Res Social Adm Pharm. 2025 Oct;21(10):784-789. doi: 10.1016/j.sapharm.2025.05.008. Epub 2025 May 15.

Abstract

INTRODUCTION

Medical Subject Headings (MeSH) are the controlled vocabulary used by the National Library of Medicine (NLM) to index articles covered by MEDLINE.

OBJECTIVE

Evaluate the consistency of MeSH assignment using a test-retest analysis of articles published multiple times.

METHODS

Three sets of articles that had been published multiple times were selected: Vancouver Group articles, CONSORT Statement articles, and Granada Statement articles. The articles publishing these position papers were searched in PubMed in February 2025, and their records were exported in XML format. The articles' metadata, the assigned MeSH terms, and the indexing methods were extracted. Consistency was assessed using Fleiss' kappa for inter-rater agreement and Krippendorff's alpha for classification reliability, considering each article as a different rater.

RESULTS

A total of 6, 8, and 5 articles indexed in MEDLINE were retrieved that had published articles with Vancouver, CONSORT, and Granada statements, with 14, 6, and 10 different MeSH terms assigned, respectively.

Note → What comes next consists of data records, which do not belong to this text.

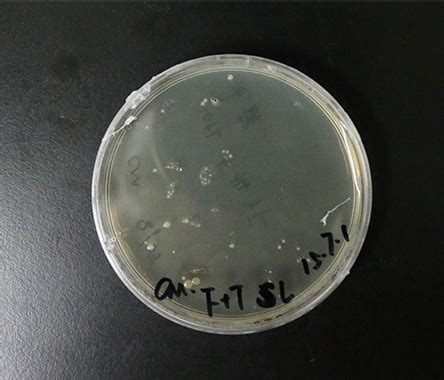 Team:Amoy/Notebook - 2015.igem.org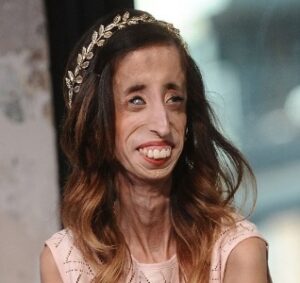 هكذا ردت أقبح امرأة فالعالم على الوثائقي الذي تطرق لحياتها وسخر منها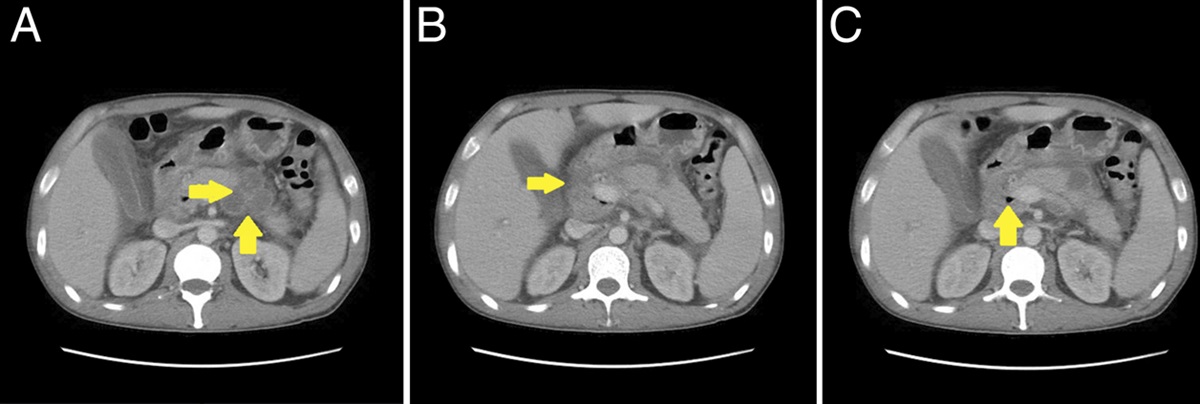 Pancreatic Tuberculosis With Duodenal Fistula Presenting as Life-Threatening Gastrointestinal Bleeding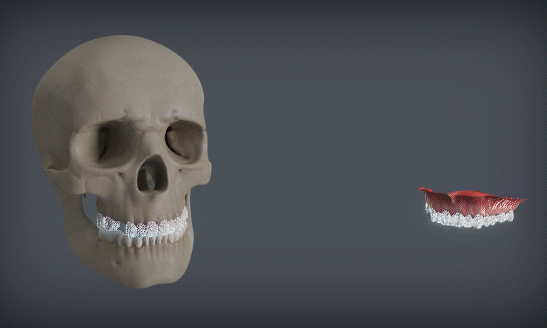 smart fusion smart fusion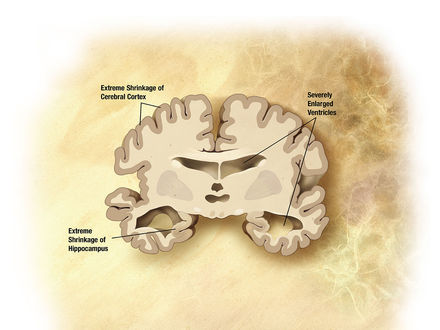 Tumnagel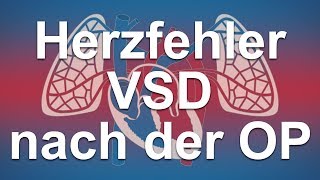 Herzfehler einfach erklärt  Ventrikelseptumdefekt VSD Funktion des Herzens nach der OP [upl. by Adnilav]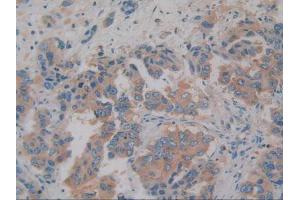 IHC-P analysis of Human Breast Cancer Tissue, with DAB staining. (AZGP1 anticorps)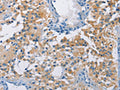 The image on the left is immunohistochemistry of paraffin-embedded Human thyroid cancer tissue using CSB-PA288252(ATP6AP2 Antibody) at dilution 1/40, on the right is treated with fusion protein. (Original magnification: ×200)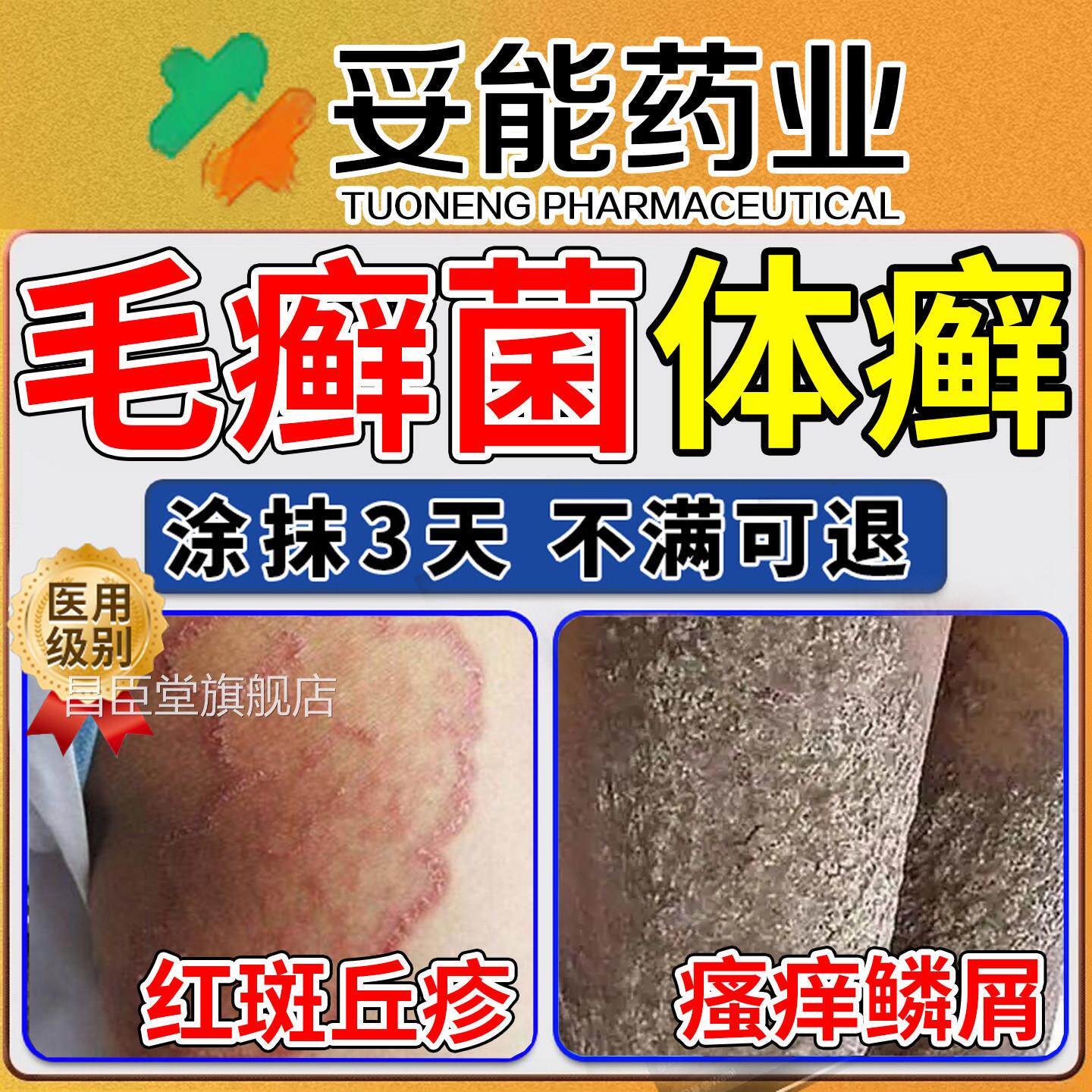 儿童体癣去癣药膏股藓大腿内侧治感疗红色毛癣菌真菌染成人昌臣堂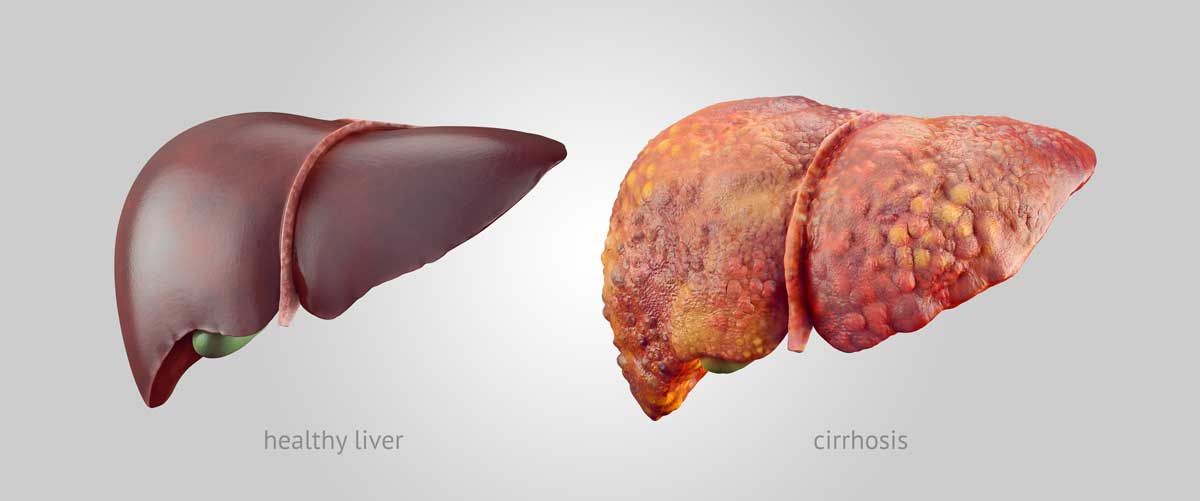 Healthy Liver vs Liver With Cirrhosis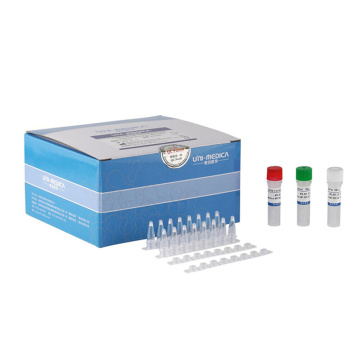 Gefriergetrocknete Zeitpcr-Kit für neuartige Coronavirus 2019-NCOV (ORF1AB, N, E)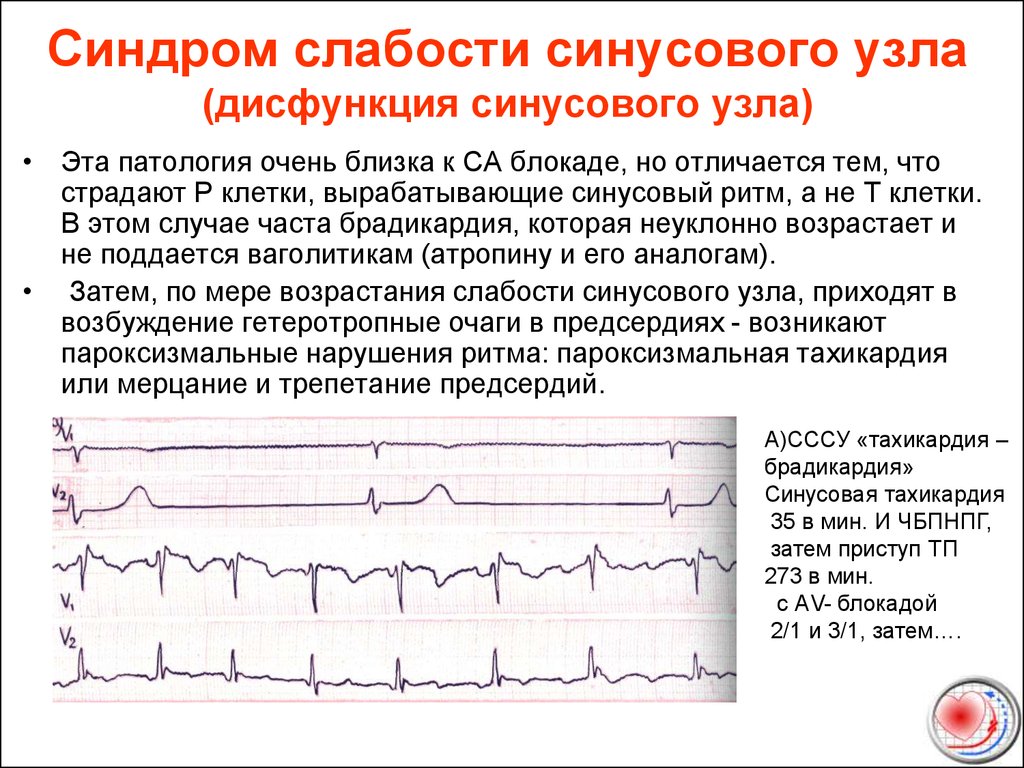 Синусовая вегетативная дисфункция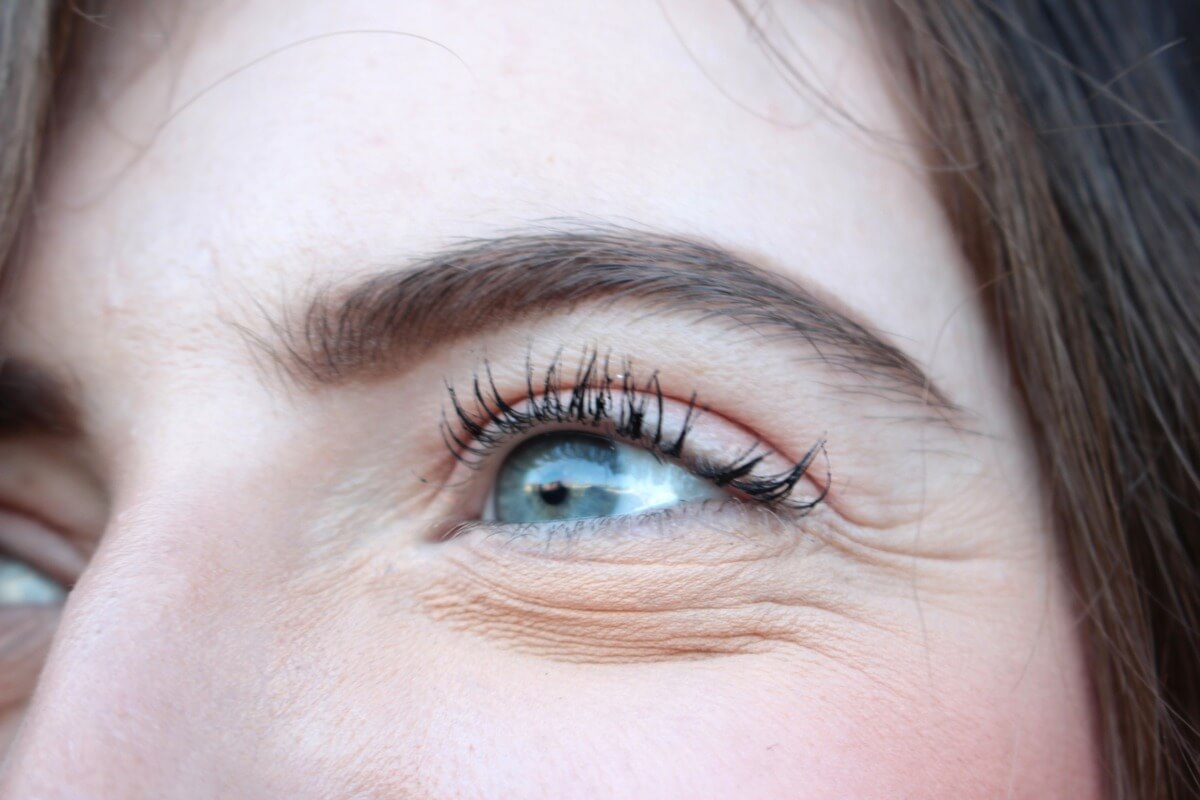 Морщины под глазами и нависшее верхнее веко – главные показания к пинч-блефаропластике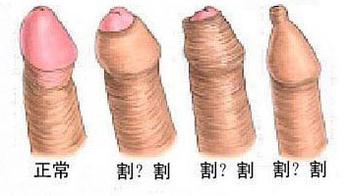 包皮过长不割行吗
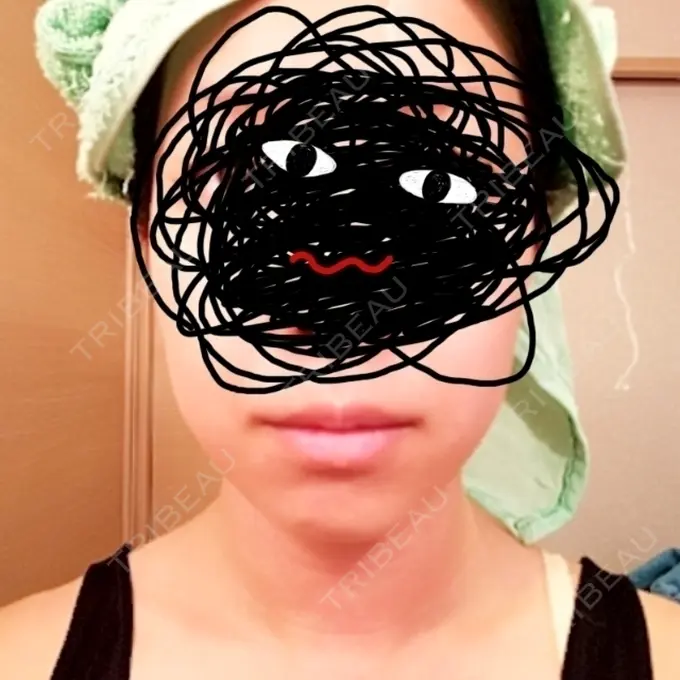 脂肪溶解注射（顔） 新宿美容外科クリニック 新宿院 DAY 14 メイン用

The first two sets of articles were manually indexed, while the Granada articles were automatically indexed. Fleiss' kappa for the MeSH terms assigned to the Vancouver, CONSORT, and Granada articles were -0.390, -0.370, and -0.333, respectively, and Krippendorff's alphas were 0.178, 0.525, and 0.183, respectively. "Periodicals as Topic" and "Randomized Controlled Trials as Topic" were used in all Vancouver and CONSORT articles, respectively. Except for "Humans," no other MeSH terms appeared in all Granada articles. The most prevalent terms were "Pharmacy" and "Pharmacies" and "Pharmacy Research." Geographic MeSH terms were assigned to the Vancouver and Granada articles.

CONCLUSION

A highly inconsistent MeSH indexing pattern was found across the three sets of articles. Automated indexing of the Granada Statements articles did not improve the results.